为了研究Fe-C-Mn-A1系TRIP钢两相区奥氏体化过程中合金元素在奥氏体和铁素体中的分布,利用热膨胀仪、金相显微镜、电子探针等仪器,在对TRIP钢两相区奥氏体化过程进行热力学与动力学分析的基础上,建立了两相区奥氏体化过程的扩散模型,采用显式有限体积法对800℃与840℃的奥氏体化过程进行了数值求解.模拟结果表明:奥氏体转变初期受C元素在奥氏体中的扩散控制达到亚平衡,奥氏体转变速率较快；此时A1元素在奥氏体与铁素体界面处的浓度差较显著,Mn元素在奥氏体与铁素体界面处的浓度差不显著.奥氏体转变后期受Mn元素在铁素体内的扩散控制,转变速率较慢；此时A1元素在铁素体内已大量富集,Mn元素在奥氏体与铁索体界面处有较显著的浓度差.
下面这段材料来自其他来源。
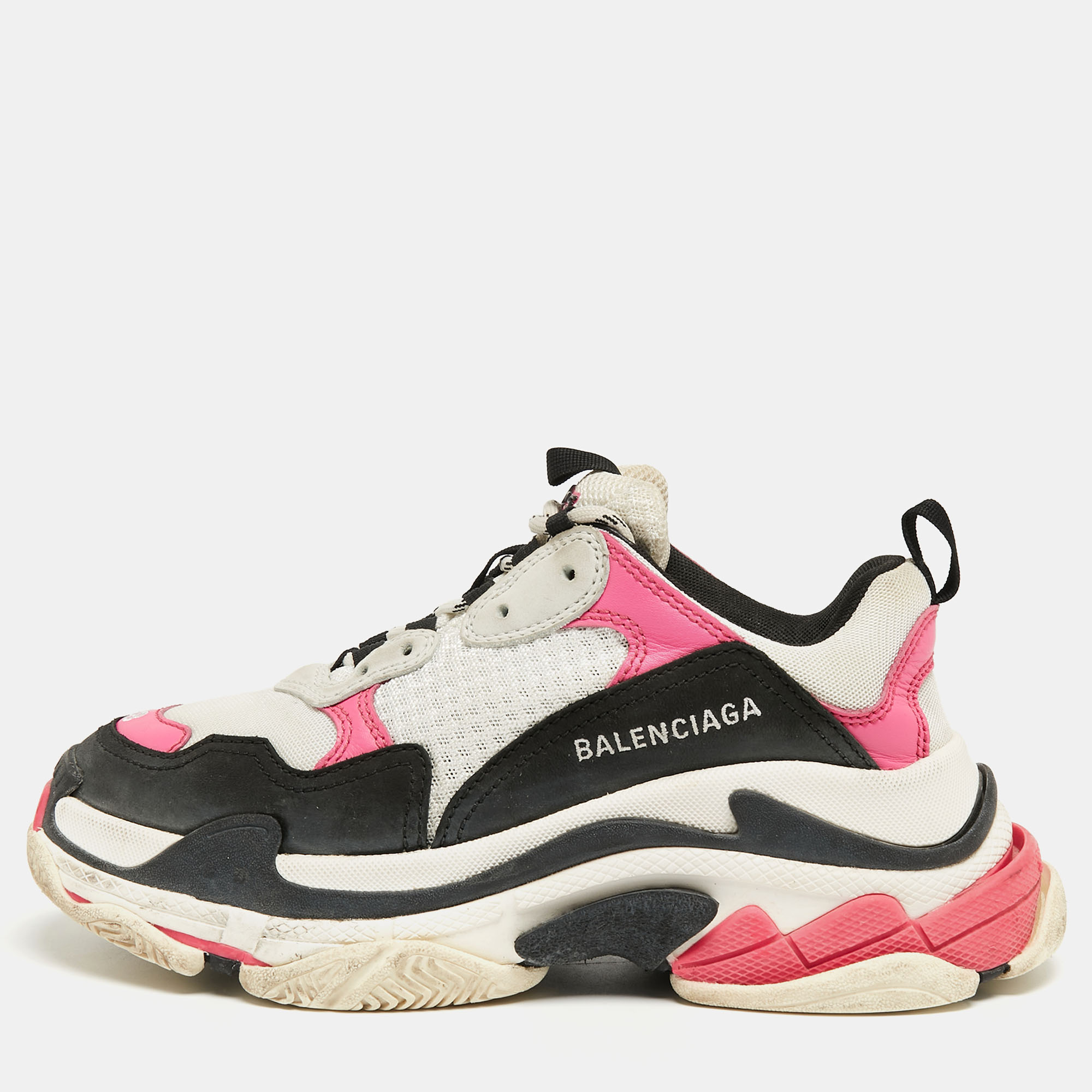 Balenciaga Multicolor Mesh And Leather Triple S Sneakers Size 38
Simulation of Austenization During Intercritical Annealing for Fe-C-Mn-Al TRIP-Aided Steel

In order to study the distribution of alloy elements in austenite and ferrite during intercritical annealing of a Fe-C-Mn-Al transformation-induced plasticity(TRIP) steel,based on the analysis of thermodynamics and dynamics for austenization during intercritical annealing of the TRIP steel using thermal dilatometer,optical microscopy and electron microprobe measurements,an austenization model was established and solved by using the explicit finite volume method at two austenite temperatures of 800 ℃ and 840 ℃.The simulated results show that the initial stage of austenite transformation,which reaches paraequilibrium,is controlled by carbon diffusion in austenite.The austenization rate in this stage is fast,and the concentration difference of aluminum at the interface between the austenite and ferrite is significant,while the concentration difference of manganese is not significant.The late stage of austenite transformation is controlled by manganese diffusion in ferrite.The austenization rate in this stage is very slow,and the enrichment of aluminum in ferrite is significant,the concentration difference of manganese at the interface in the austenite and ferrite is obvious.